____ Recorded information

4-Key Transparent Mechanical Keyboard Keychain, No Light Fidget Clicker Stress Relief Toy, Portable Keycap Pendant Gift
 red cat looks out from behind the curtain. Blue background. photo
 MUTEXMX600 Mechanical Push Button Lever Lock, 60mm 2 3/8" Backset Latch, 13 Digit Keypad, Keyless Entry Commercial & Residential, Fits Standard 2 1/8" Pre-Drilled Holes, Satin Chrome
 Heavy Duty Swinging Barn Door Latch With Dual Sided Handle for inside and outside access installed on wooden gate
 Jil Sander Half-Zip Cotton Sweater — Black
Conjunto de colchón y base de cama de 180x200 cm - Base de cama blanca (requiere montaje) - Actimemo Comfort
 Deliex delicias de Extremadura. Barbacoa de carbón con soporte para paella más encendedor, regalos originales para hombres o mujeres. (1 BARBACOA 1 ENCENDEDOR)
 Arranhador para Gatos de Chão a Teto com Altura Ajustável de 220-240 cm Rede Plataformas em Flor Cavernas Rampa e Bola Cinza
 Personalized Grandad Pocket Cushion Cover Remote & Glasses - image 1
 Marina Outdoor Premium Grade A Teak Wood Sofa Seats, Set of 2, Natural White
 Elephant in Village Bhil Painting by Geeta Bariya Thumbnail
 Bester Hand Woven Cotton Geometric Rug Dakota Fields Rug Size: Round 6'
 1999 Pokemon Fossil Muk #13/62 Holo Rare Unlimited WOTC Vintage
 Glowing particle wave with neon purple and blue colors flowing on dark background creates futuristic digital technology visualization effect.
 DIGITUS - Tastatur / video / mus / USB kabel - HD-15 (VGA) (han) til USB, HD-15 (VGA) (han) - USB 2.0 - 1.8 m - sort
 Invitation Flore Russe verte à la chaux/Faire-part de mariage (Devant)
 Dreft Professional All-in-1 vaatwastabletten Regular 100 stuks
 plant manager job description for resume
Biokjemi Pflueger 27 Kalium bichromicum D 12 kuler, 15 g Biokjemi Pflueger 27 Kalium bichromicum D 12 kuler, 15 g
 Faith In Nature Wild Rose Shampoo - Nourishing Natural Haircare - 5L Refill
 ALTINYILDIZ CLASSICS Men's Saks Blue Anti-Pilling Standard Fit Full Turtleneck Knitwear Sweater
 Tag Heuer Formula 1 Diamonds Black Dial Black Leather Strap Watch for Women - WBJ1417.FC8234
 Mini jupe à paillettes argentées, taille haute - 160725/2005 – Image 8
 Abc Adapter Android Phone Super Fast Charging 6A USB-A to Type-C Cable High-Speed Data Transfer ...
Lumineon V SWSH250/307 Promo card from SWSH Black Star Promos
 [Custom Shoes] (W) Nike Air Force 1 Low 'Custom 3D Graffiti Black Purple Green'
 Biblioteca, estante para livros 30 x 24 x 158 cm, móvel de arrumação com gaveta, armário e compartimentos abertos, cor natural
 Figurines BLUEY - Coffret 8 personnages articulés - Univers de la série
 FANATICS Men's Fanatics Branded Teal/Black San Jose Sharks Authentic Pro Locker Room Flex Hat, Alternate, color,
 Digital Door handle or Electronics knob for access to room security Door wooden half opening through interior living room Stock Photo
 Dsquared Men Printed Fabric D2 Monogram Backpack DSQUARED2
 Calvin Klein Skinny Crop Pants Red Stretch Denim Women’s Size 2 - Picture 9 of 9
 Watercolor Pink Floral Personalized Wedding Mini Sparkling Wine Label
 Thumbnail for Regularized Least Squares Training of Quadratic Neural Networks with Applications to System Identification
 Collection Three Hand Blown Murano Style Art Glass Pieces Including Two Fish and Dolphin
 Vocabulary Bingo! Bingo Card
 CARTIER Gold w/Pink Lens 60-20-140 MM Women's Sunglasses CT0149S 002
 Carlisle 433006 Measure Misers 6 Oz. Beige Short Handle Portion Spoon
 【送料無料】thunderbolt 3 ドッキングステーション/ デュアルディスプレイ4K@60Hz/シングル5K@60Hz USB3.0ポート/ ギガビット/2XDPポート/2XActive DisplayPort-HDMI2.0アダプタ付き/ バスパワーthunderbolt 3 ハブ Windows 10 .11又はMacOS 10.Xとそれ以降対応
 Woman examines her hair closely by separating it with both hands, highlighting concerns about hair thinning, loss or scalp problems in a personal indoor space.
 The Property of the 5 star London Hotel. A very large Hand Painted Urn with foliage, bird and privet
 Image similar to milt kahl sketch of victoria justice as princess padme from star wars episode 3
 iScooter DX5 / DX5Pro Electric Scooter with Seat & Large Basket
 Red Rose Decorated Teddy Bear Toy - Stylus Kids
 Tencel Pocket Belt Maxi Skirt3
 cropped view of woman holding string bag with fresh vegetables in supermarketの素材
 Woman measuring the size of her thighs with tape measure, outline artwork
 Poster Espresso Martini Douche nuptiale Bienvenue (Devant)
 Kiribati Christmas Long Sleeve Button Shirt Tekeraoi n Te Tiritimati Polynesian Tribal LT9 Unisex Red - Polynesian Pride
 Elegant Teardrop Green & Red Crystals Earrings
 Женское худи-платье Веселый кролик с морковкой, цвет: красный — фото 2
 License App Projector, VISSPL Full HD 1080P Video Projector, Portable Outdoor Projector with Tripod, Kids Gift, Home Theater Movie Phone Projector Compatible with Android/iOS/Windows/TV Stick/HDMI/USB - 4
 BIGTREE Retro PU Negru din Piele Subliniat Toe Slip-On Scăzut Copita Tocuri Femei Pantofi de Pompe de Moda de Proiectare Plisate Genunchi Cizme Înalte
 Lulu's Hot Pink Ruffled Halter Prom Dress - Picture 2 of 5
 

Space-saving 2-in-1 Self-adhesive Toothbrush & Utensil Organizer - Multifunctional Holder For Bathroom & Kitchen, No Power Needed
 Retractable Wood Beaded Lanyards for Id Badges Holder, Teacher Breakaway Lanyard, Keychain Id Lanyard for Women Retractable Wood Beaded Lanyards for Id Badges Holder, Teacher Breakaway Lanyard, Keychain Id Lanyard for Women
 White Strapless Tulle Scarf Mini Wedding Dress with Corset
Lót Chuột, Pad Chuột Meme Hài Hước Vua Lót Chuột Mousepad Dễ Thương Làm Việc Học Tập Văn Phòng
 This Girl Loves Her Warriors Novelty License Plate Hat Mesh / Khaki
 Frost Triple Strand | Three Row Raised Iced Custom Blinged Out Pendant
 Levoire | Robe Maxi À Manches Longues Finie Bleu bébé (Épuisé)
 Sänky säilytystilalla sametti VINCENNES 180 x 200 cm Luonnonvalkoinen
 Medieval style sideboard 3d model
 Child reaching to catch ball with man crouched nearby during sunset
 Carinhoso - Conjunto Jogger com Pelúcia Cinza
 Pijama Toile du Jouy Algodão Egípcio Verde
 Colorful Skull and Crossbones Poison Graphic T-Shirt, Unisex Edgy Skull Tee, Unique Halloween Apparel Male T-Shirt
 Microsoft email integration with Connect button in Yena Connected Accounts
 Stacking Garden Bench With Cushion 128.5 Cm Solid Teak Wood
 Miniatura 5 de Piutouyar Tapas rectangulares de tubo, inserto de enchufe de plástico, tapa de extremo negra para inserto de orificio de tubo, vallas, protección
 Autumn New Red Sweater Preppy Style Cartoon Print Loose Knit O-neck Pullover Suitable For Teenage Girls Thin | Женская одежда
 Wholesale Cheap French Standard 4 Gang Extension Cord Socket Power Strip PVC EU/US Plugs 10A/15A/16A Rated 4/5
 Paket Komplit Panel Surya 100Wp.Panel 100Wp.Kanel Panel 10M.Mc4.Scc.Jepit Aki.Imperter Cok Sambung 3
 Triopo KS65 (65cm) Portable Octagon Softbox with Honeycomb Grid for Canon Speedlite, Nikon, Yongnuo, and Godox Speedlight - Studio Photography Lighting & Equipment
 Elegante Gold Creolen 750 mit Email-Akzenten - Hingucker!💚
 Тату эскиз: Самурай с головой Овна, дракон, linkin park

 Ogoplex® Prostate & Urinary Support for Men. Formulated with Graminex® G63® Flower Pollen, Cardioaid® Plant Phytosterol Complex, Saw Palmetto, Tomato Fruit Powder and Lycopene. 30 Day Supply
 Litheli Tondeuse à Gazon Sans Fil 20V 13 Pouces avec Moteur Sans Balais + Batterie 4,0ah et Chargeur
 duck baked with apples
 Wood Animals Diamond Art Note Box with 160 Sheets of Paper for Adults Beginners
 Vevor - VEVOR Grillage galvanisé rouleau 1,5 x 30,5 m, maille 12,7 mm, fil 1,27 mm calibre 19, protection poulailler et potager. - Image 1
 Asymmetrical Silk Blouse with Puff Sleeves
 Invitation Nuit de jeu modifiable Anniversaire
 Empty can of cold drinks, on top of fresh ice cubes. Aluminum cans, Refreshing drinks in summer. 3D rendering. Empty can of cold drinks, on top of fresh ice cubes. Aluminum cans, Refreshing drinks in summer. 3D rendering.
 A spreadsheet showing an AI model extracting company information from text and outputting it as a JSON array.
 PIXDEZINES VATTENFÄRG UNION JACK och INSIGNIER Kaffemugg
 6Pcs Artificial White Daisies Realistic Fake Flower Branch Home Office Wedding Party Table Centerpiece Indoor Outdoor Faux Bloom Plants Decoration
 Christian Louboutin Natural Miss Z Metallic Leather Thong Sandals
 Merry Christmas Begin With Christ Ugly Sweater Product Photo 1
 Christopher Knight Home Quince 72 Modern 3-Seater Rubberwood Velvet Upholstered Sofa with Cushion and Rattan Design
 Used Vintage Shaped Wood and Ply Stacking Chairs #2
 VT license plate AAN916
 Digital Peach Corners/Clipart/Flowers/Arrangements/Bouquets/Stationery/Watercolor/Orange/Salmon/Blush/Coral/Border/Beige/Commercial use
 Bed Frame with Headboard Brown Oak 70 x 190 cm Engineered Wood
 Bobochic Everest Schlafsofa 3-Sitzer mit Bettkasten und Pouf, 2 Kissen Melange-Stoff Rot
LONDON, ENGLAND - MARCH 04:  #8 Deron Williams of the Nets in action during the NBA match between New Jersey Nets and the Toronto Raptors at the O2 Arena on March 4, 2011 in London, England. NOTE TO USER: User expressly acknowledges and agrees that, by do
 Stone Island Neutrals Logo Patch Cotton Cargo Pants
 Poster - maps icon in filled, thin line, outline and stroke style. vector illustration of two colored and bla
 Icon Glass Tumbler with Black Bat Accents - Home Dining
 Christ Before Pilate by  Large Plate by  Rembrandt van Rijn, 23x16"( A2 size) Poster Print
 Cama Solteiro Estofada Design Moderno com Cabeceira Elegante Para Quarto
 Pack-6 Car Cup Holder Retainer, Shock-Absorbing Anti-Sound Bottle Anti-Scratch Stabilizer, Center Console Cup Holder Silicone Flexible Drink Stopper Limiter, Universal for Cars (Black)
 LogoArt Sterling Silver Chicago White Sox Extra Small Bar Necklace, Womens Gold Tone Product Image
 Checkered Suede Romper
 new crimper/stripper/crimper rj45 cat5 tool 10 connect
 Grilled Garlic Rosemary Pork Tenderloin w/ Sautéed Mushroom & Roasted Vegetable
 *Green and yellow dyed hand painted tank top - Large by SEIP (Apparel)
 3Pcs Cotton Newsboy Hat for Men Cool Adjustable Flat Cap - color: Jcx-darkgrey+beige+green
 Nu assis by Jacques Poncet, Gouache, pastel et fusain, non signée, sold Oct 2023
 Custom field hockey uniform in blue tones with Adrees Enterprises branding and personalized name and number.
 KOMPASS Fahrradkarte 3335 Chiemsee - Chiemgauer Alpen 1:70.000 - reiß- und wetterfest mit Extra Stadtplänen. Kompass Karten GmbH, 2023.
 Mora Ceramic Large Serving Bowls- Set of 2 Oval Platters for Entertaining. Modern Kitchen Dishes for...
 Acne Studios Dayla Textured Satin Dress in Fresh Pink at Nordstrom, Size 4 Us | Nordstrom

________

• [What the task requires] If a line comes after the one containing "Conjunto de colchón", leave it out; set down every line of the data before it, and that line itself, exactly.

• [Result of the exercise]
4-Key Transparent Mechanical Keyboard Keychain, No Light Fidget Clicker Stress Relief Toy, Portable Keycap Pendant Gift
 red cat looks out from behind the curtain. Blue background. photo
 MUTEXMX600 Mechanical Push Button Lever Lock, 60mm 2 3/8" Backset Latch, 13 Digit Keypad, Keyless Entry Commercial & Residential, Fits Standard 2 1/8" Pre-Drilled Holes, Satin Chrome
 Heavy Duty Swinging Barn Door Latch With Dual Sided Handle for inside and outside access installed on wooden gate
 Jil Sander Half-Zip Cotton Sweater — Black
Conjunto de colchón y base de cama de 180x200 cm - Base de cama blanca (requiere montaje) - Actimemo Comfort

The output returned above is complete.